This is according to Gugu Mjadu, spokesperson for the 2019 Entrepreneur of the Year competition, who refers to a report published by Barclays and the Female Founders Forum, which found that men are 86 percent more likely to access venture capital investment than women.
“Yet global research shows us that women tend to do better with the business finance they get,” says Mjadu, citing a recent US study by Boston Consulting Group, which found that while women generally receive less finance, they produce more revenue per dollar funded.
One local female entrepreneur, who has first-hand experience with the challenge of raising capital, is Phillipa Geard, chief executive and founder of RecruitMyMom, and a previous Entrepreneur of the Year competition category winner.

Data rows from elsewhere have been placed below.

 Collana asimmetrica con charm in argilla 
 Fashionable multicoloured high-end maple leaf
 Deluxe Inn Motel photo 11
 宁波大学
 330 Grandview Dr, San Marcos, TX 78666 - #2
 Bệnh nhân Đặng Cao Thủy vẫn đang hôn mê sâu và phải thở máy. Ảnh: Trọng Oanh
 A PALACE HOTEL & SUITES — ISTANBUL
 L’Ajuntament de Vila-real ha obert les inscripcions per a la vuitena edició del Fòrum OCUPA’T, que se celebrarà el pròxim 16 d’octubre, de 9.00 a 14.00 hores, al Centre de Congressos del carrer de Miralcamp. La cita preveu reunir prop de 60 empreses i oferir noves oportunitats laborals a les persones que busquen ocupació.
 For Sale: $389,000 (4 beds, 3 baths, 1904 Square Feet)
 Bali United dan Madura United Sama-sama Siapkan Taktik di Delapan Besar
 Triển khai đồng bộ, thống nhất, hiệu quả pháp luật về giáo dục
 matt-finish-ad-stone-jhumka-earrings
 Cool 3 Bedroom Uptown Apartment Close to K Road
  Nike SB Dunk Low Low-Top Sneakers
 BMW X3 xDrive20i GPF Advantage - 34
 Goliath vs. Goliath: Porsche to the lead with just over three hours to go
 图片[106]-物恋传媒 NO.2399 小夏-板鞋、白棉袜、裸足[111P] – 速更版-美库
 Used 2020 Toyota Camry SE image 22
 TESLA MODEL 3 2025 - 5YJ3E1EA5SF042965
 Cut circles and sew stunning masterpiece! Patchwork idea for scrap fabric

“There are companies and investors who have capital to invest, but the right information is hard to find, especially for women, who, unfortunately, tend to be less connected than men are in this regard.”
Geard admits that she was unfamiliar with the whole concept of business finance at the start of her entrepreneurial journey. “I had no idea where to start looking for capital to start a business. I just had an idea and never thought about the fact that raising capital was an option. As women, we are often risk averse, so anything requiring risk felt scary.”
To help other aspiring female entrepreneurs, Mjadu offers the following tips on how to gain access to business finance:
1. You'll never get business finance if you don't apply. A major contributing factor to the gender funding gap, is the mere fact that not enough women apply for capital, says Mjadu. “Women tend to be more risk averse than men, which is not necessarily a bad thing. However, this risk prevents female entrepreneurs from taking the first step and applying for capital, which can limit the growth of an otherwise thriving business.”
2. Explore all possible funding avenues. “Whether it be through savings, business loans, financial grants or support from family or friends, it is important to explore all your options and identify the best funding avenue for you and your business,” says Mjadu.
“There is no one-size-fits-all when it comes to financing a business, and you'll need to do research and talk to other entrepreneurs to find out what's out there.”
3. Network, network, network! Mjadu urges women to get out there and connect with other business owners and potential financiers. Echoing this sentiment, Geard says any exposure is helpful. “Start networking so you can find out who to speak to about access to business finance.”